# Code compliant



## Hippie (May 12, 2011)

They make hard wired versions.. as long as the cord was removed and an appropriate connector used I don't see a problem, I wouldn't wire it with the cord feeding it though


----------



## Gamit (Dec 30, 2009)

Hippie said:


> They make hard wired versions.. as long as the cord was removed and an appropriate connector used I don't see a problem, I wouldn't wire it with the cord feeding it though


I do not believe they do with this particular model. It's a led GE fixture they sell at home depot .


----------



## Hippie (May 12, 2011)

Does it have any ko's?


----------



## Gamit (Dec 30, 2009)

Hippie said:


> Does it have any ko's?


I do not have the fixture yet just seen a link for it. If it has ko's then I know it could be hard wired that way but my real question is it a code violation to cut plug and hard wire it to a JB.


----------



## Hippie (May 12, 2011)

Gamit said:


> I do not have the fixture yet just seen a link for it. If it has ko's then I know it could be hard wired that way but my real question is it a code violation to cut plug and hard wire it to a JB.

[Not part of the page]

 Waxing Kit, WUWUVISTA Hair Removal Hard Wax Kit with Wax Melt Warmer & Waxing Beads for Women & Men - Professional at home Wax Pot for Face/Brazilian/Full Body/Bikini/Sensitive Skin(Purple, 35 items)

Yes, the cord is not going to be an approved wiring method


----------



## Gamit (Dec 30, 2009)

Hippie said:


> Yes, the cord is not going to be an approved wiring method


I didn't think so. What article would that fall under?


----------



## A Little Short (Nov 11, 2010)

gamit said:


> i didn't think so. What article would that fall under?


400.8(1)


----------



## Gamit (Dec 30, 2009)

Little-Lectric said:


> 400.8(1)


400.7 permits wiring to luminaries ?


----------



## Hippie (May 12, 2011)

Gamit said:


> 400.7 permits wiring to luminaries ?


I wouldn't consider the cord to be part of the luminare/ fixture, more like supply wiring which has to be an approved method


----------



## Gamit (Dec 30, 2009)

Hippie said:


> I wouldn't consider the cord to be part of the luminare/ fixture, more like supply wiring which has to be an approved method


It's really no different then a cord on a chandelier or pendant.


----------



## BBQ (Nov 16, 2010)

Gamit said:


> Customer purchased corded under cabinet lighting. There is no problem cutting plug off and hard wiring them...right. I can honestly say do not do much under cabinet lighting.


What do the instructions say? :jester:



> *110.3 Examination, Identification, Installation, and Use
> of Equipment.
> 
> (B) Installation and Use.* Listed or labeled equipment
> ...


----------



## erics37 (May 7, 2009)

BBQ said:


> What do the instructions say? :jester:


They say GIT R DONE and cut the damn cord.


----------



## Gamit (Dec 30, 2009)

erics37 said:


> They say GIT R DONE and cut the damn cord.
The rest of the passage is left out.